Umsatzsteuerliche Behandlung von Verteidigerkosten in Steuer- und Wirtschaftsstrafsachen
Mit Urteil vom 11.04.2013 (V R 29/10) hat sich der Bundesfinanzhof zum Vorsteuerabzug unternehmerisch veranlasster Strafverteidigerkosten positioniert. In seiner Entscheidung ging es um die Kosten für die Strafverteidigung von natürlichen Personen als Geschäftsführer eines Unternehmens in der Rechtsform einer GmbH.
Bereits die Leitsätze der Entscheidung verdeutlichen deren praktische Relevanz:
- „Der für den Vorsteuerabzug direkte und unmittelbare Zusammenhang zwischen der Eingangsleistung und der Tätigkeit des Steuerpflichtigen bestimmt sich nach dem objektiven Inhalt der von ihm bezogenen Leistungen.
- Anwaltsdienstleistungen, deren Zweck darin besteht, strafrechtliche Sanktionen gegen natürliche Personen zu vermeiden, die Geschäftsführer eines steuerpflichtigen Unternehmens sind, eröffnen keinen Anspruch auf Vorsteuerabzug.“
Entgegen der bisher üblichen Praxis ist nach dem Judikat des BFH also in solchen Fällen, in denen ein Unternehmen die Strafverteidigungskosten für seine Organträger im Zusammenhang mit gegen diese gerichteten Vorwürfe der Verwirklichung von unternehmensbezogenen Straftaten übernimmt, der Vorsteuerabzug aus den Strafverteidiger-Honorarrechnungen zu versagen.
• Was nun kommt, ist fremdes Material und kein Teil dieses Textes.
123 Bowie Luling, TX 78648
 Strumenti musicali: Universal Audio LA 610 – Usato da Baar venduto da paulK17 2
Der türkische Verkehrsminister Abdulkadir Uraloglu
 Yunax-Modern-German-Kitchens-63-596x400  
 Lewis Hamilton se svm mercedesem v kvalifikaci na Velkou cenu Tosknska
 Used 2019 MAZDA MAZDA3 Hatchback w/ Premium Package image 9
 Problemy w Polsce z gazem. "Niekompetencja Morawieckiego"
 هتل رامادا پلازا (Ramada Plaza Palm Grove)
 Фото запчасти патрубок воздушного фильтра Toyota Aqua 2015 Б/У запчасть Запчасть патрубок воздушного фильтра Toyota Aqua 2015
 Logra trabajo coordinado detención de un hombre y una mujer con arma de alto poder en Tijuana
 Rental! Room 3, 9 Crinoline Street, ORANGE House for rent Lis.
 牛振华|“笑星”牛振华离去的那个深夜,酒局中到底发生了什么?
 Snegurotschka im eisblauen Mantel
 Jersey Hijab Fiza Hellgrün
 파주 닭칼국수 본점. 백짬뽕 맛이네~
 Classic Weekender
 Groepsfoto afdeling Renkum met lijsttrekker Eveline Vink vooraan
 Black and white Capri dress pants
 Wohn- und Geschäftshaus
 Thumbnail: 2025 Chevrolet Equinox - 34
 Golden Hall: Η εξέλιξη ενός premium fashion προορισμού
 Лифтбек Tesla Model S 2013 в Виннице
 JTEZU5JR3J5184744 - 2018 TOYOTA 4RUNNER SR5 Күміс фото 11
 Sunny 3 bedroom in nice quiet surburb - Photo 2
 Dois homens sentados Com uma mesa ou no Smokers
Die BFH-Entscheidung geht dabei mit einer dieser bereits vorausgegangenen Entscheidung des Europäischen Gerichtshofs in einer anderen Rechtssache konform. So entschied der EuGH mit Urteil vom 21.02.2013, dass ein bloßer Kausalzusammenhang zwischen der wirtschaftlichen Tätigkeit einer GmbH und dem Entstehen von Kosten der Strafverteidigung ihrer Geschäftsführung ein Vorsteuerabzugsrecht der GmbH selbst nicht begründen könne (EuGH – 1. Kammer, C-104/12: Finanzamt Köln-Nord ./. Becker, Wolfram).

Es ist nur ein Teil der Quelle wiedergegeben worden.